What you are asked to do: Your answer should be the lines below from the one holding "Building Photo - 700 1st Ave Unit B8" through the one holding "4102 Windrose Dr photo 1", copied exactly and with nothing else.

(Source data)
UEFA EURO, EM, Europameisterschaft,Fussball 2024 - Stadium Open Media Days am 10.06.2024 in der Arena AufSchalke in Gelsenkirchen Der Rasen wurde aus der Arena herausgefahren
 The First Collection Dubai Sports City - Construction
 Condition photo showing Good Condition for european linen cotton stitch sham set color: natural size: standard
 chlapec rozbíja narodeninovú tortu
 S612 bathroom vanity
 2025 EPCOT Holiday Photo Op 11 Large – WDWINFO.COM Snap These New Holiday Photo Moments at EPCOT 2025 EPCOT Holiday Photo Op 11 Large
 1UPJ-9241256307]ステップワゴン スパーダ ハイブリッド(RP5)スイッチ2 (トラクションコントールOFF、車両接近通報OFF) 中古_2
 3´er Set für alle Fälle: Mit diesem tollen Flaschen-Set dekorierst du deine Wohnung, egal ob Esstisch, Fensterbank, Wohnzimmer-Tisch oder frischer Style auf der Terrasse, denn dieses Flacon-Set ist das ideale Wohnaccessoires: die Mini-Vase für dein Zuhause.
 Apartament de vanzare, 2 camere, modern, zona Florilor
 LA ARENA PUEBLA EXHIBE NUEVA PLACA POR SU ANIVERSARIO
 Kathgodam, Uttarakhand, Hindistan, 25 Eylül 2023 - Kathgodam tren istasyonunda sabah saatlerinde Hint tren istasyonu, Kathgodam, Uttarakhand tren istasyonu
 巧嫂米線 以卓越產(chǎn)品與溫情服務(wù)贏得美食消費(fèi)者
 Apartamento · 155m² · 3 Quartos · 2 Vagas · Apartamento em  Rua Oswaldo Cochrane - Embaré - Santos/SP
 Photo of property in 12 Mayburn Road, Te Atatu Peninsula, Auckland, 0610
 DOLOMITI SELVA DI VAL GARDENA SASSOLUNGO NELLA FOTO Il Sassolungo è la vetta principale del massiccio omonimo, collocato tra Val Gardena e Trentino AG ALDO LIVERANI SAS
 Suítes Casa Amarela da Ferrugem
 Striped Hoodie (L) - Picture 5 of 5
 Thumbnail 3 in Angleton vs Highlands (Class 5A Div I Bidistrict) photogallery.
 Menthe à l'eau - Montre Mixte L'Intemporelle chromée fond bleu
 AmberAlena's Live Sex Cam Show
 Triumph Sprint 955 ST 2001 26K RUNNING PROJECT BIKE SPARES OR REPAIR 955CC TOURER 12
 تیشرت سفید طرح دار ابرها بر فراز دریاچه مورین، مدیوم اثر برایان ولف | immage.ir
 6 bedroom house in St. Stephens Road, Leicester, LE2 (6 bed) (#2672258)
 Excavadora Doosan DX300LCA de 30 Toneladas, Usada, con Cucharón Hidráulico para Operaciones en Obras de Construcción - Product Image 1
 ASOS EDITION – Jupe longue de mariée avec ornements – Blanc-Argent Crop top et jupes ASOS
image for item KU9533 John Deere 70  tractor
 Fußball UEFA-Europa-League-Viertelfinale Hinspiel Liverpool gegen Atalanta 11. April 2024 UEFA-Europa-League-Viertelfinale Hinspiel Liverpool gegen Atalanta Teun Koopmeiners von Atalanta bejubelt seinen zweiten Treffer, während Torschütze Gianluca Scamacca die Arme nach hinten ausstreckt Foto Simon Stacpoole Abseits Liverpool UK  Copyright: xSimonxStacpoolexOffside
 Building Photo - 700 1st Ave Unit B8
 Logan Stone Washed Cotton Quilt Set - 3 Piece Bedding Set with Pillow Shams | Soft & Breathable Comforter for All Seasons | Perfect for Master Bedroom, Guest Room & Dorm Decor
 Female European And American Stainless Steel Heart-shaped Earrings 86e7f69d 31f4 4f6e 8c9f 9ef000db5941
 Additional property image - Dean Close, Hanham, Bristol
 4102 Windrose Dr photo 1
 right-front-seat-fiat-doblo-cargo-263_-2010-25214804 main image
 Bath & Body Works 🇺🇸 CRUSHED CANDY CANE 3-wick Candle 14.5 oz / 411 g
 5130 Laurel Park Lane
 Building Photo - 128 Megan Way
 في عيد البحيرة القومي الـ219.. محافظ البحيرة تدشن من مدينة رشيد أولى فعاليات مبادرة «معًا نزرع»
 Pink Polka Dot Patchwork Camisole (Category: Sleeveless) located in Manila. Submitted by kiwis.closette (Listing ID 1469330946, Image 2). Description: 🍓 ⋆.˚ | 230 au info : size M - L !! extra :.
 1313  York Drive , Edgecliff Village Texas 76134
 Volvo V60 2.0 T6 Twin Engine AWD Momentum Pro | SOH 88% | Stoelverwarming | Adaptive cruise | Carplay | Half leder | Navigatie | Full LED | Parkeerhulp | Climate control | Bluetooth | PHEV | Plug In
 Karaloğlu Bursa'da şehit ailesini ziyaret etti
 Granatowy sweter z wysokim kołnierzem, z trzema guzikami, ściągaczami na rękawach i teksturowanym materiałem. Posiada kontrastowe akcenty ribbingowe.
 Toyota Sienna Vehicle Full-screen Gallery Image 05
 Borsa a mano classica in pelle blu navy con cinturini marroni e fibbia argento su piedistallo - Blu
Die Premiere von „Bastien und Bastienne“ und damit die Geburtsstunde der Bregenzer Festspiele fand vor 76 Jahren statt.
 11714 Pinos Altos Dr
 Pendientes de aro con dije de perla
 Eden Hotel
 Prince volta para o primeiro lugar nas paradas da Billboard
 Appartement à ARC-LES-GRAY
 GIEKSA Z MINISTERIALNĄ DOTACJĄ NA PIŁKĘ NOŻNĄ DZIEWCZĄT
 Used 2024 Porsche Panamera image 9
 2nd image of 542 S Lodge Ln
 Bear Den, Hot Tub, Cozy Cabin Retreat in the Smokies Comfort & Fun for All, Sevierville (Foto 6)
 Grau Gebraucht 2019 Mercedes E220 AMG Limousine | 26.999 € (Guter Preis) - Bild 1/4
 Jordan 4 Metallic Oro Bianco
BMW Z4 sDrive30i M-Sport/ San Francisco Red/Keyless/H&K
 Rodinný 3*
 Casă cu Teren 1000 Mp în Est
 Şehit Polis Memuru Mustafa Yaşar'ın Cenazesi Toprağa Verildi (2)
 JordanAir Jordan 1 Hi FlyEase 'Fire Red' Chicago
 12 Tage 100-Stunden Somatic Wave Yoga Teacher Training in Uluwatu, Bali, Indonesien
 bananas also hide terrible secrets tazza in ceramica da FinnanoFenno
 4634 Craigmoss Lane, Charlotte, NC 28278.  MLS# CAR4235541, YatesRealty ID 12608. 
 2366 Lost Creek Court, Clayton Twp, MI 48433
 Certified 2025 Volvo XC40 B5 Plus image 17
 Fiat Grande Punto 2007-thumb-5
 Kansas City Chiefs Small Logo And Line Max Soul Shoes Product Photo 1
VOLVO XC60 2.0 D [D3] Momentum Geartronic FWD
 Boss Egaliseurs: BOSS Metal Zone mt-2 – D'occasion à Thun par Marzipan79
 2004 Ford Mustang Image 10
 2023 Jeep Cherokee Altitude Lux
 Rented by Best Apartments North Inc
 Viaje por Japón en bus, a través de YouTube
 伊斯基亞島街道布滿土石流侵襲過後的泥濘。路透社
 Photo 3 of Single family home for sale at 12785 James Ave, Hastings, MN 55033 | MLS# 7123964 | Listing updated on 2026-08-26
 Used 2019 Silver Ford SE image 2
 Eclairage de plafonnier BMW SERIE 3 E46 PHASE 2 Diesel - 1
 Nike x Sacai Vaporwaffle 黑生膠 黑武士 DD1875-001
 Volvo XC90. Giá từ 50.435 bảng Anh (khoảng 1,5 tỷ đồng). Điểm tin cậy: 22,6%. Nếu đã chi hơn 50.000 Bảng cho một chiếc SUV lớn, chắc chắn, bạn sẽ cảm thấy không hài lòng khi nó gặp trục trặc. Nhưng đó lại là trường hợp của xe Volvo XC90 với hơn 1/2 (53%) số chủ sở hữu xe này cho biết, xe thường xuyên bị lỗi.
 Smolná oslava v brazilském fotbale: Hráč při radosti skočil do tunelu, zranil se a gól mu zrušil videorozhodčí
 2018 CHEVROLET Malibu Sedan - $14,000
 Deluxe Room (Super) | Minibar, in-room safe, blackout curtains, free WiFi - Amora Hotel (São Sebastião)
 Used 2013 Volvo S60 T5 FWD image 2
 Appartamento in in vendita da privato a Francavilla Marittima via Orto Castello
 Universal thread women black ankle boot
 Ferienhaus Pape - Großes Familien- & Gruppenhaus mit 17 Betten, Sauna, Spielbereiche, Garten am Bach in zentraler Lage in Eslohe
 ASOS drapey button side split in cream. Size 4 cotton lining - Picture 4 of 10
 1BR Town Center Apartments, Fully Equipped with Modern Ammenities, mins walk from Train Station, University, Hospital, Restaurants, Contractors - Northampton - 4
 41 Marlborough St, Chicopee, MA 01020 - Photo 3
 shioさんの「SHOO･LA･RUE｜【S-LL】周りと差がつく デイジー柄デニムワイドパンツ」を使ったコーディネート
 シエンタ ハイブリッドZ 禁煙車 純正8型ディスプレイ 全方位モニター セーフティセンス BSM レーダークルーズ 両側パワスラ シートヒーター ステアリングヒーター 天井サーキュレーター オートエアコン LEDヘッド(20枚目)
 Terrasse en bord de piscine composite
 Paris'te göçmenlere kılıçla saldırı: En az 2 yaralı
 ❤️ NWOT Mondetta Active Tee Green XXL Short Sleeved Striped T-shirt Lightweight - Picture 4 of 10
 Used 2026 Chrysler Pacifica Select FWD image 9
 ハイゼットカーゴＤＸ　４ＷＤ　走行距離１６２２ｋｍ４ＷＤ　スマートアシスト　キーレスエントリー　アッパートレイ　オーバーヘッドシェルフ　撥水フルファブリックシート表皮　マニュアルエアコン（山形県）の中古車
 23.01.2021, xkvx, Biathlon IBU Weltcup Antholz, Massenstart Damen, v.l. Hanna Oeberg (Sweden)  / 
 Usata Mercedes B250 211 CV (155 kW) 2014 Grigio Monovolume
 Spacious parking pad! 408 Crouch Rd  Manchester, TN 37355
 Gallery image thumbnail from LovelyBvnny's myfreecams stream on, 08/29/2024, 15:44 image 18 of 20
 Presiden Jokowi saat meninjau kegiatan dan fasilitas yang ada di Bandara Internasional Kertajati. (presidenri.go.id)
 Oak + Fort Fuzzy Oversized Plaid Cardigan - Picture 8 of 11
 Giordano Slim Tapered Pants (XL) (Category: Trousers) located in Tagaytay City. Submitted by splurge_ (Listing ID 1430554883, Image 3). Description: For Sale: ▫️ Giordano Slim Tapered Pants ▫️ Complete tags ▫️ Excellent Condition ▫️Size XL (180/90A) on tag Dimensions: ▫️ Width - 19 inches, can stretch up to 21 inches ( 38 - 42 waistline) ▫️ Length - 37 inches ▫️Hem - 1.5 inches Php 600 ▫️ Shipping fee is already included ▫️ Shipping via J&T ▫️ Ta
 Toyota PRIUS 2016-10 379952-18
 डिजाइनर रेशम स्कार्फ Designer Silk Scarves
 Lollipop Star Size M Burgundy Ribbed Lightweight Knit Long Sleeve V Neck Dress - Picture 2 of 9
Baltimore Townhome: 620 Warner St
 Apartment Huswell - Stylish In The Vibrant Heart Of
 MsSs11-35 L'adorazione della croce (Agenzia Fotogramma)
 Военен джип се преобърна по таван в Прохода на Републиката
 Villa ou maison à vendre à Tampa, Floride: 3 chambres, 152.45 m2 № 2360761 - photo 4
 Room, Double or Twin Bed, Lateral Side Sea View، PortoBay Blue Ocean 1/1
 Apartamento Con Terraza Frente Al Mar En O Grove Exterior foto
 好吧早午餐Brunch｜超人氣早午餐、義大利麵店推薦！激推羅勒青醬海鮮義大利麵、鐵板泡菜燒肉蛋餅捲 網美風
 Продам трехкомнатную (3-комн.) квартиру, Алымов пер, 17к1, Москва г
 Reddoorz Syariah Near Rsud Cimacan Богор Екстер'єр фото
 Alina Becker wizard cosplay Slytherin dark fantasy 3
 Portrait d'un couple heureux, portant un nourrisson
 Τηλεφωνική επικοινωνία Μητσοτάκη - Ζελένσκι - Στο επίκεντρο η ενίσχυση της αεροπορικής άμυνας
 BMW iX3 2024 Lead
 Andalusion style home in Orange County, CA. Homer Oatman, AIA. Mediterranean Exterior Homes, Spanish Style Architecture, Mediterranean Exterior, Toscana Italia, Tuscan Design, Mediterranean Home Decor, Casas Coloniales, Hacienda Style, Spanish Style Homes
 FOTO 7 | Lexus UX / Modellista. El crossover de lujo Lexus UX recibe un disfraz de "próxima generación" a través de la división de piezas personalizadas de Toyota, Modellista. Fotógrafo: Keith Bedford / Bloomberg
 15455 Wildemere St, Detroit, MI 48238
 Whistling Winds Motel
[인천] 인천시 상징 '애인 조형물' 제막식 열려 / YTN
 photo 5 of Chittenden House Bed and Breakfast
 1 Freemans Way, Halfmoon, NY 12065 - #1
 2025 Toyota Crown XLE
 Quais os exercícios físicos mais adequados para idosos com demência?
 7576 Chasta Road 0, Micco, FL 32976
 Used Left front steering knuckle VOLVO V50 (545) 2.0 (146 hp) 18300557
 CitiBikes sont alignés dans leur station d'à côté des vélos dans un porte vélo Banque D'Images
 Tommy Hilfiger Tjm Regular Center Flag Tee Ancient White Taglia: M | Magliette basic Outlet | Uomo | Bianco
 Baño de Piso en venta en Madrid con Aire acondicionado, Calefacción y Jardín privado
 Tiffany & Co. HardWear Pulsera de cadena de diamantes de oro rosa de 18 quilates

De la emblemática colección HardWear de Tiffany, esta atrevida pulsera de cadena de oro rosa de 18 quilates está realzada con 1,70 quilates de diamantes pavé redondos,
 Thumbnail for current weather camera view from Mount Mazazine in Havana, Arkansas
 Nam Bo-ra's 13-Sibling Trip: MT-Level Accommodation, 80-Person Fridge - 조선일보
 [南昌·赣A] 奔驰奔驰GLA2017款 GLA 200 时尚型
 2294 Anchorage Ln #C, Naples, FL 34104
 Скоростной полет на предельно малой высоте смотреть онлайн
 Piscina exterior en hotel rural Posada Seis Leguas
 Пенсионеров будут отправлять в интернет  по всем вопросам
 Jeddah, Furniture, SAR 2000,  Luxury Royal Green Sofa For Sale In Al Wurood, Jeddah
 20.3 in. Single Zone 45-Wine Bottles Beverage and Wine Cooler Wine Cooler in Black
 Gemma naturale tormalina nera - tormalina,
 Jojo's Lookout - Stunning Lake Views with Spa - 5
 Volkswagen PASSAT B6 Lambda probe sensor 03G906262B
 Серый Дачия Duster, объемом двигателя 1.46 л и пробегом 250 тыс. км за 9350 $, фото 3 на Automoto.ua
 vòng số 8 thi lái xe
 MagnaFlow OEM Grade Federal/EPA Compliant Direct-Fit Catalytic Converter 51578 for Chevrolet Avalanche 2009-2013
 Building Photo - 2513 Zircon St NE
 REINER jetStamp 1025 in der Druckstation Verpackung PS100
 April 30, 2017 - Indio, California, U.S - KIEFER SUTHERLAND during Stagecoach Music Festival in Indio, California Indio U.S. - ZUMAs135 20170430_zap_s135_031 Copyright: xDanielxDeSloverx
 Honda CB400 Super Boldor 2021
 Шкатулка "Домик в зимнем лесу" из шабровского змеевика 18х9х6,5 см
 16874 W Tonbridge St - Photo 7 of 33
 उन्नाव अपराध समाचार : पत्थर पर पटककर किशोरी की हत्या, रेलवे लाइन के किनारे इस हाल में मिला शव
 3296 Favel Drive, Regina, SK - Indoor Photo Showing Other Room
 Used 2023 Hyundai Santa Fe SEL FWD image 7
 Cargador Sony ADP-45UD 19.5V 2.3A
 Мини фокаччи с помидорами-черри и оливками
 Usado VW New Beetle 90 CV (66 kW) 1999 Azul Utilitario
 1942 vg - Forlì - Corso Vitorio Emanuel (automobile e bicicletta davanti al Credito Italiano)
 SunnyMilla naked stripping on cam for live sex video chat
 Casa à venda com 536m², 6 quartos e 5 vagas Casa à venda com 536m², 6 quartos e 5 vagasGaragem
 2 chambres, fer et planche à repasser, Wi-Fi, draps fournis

Response below:
 Building Photo - 700 1st Ave Unit B8
 Logan Stone Washed Cotton Quilt Set - 3 Piece Bedding Set with Pillow Shams | Soft & Breathable Comforter for All Seasons | Perfect for Master Bedroom, Guest Room & Dorm Decor
 Female European And American Stainless Steel Heart-shaped Earrings 86e7f69d 31f4 4f6e 8c9f 9ef000db5941
 Additional property image - Dean Close, Hanham, Bristol
 4102 Windrose Dr photo 1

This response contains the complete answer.